Reducing hallucinations
Even modern LLMs can produce hallucinations—confidently stated information that isn't supported by the source material. Meta’s Responsible Use Guide is a great resource to understand how best to prompt and address input/output risks of the language model. Refer to pages (14-17).
A well-crafted prompt can help to reduce hallucination in language models, by providing them with clear and accurate information and context.
Below are some examples of how a language model might hallucinate and some strategies for fixing the issue:
Example 1
A language model is asked to generate a response to a question about a topic it has not been trained on. The language model may hallucinate information or make up facts that are not accurate or supported by evidence.

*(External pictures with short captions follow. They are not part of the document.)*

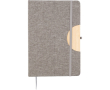 A5 gelijnd notitieboek van RPET en bamboe met telefoonstandaard kleur grijs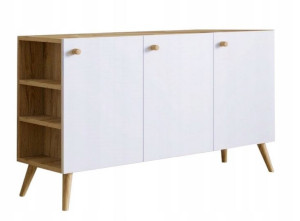 KOMODA Szafka 120 cm dąb/biała SKANDI Prawa/Lewa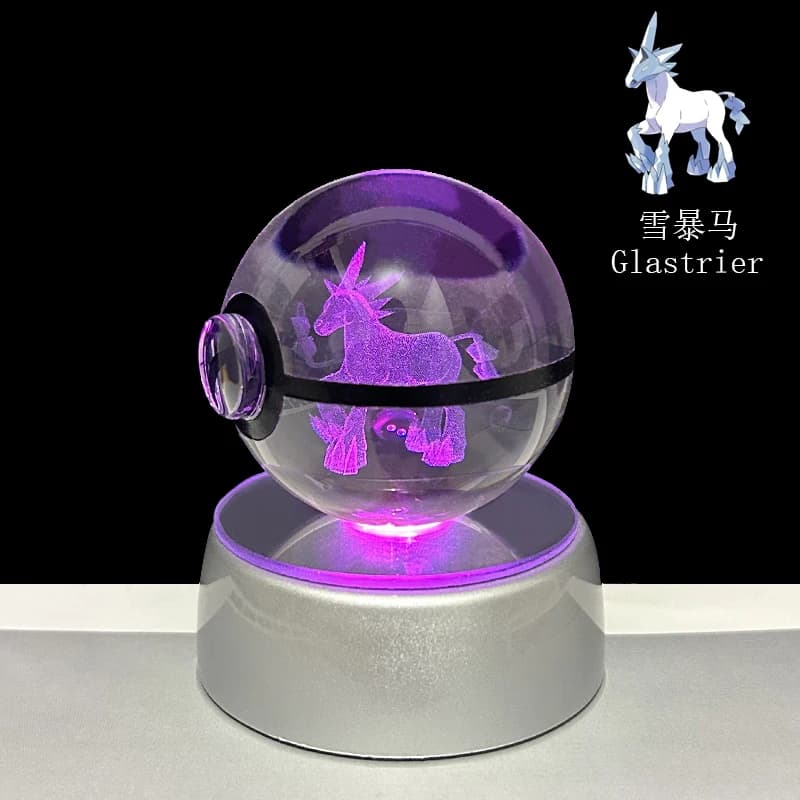 Boule de cristal Pokemon 3D Pikachu Gengar Eevee Mewtwo, jeu d'anime Pokeball avec Base de veilleuse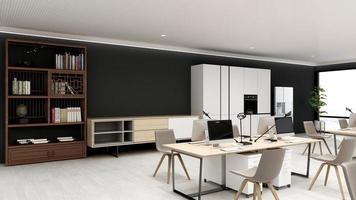 3D Render Realistic Office Workspace Modern Minimalist mockup photo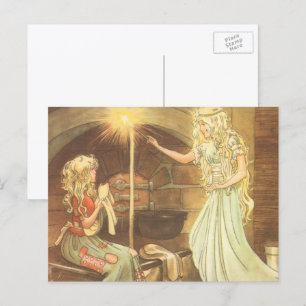 Märchen aus alter Zeit, Aschenputtel und gute Fee Postkarte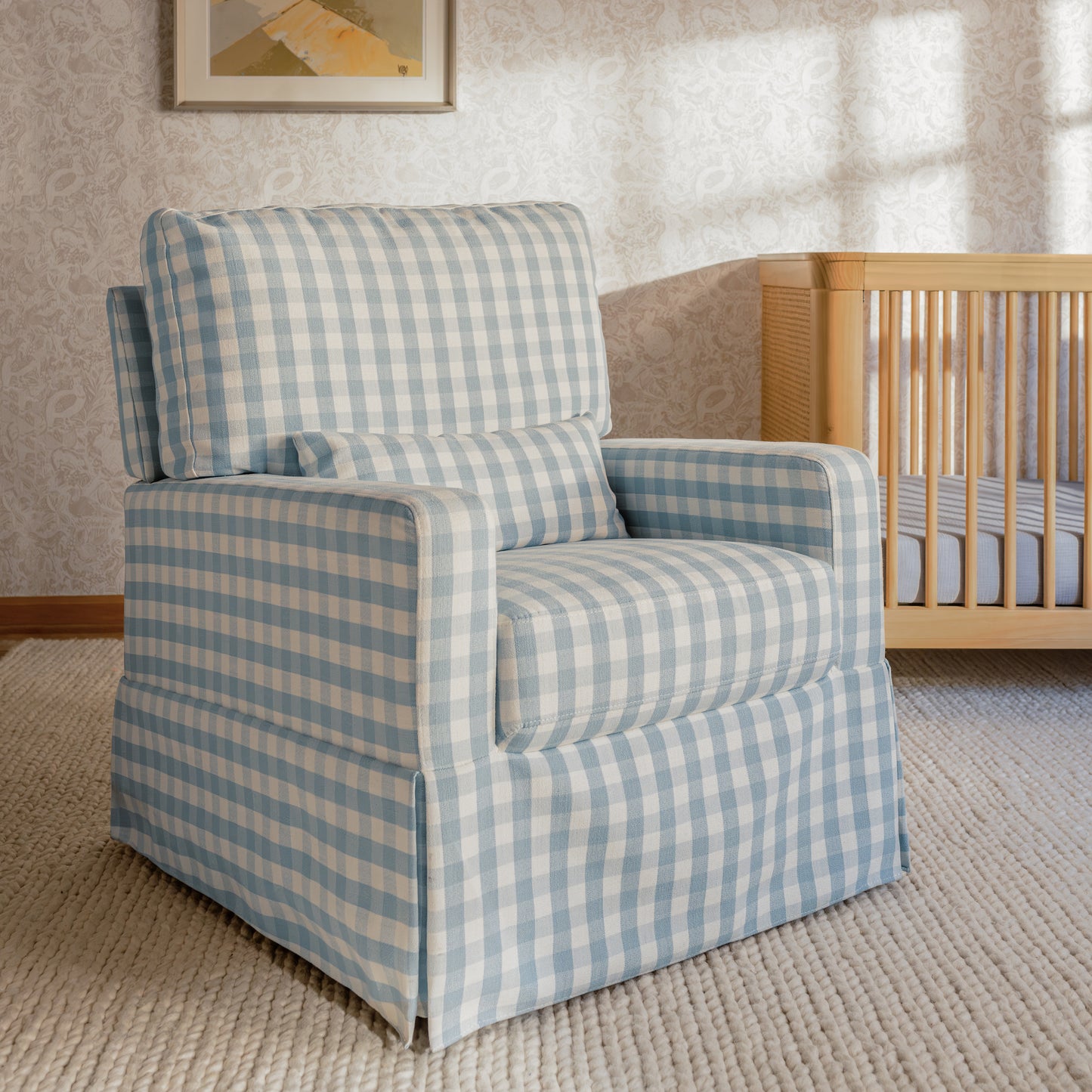 M21787BGH,Crawford Pillowback Comfort Swivel Glider in Blue Gingham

Fix: To fix this issue, you can provide the language model with more context or information about the topic to help it understand what is being asked and generate a more accurate response. You could also ask the language model to provide sources or evidence for any claims it makes to ensure that its responses are based on factual information.
Example 2
A language model is asked to generate a response to a question that requires a specific perspective or point of view. The language model may hallucinate information or make up facts that are not consistent with the desired perspective or point of view.
Fix: To fix this issue, you can provide the language model with additional information about the desired perspective or point of view, such as the goals, values, or beliefs of the person or entity being addressed. This can help the language model understand the context and generate a response that is more consistent with the desired perspective or point of view.
Example 3
A language model is asked to generate a response to a question that requires a specific tone or style. The language model may hallucinate information or make up facts that are not consistent with the desired tone or style.
Fix: To fix this issue, you can provide the language model with additional information about the desired tone or style, such as the audience or purpose of the communication. This can help the language model understand the context and generate a response that is more consistent with the desired tone or style.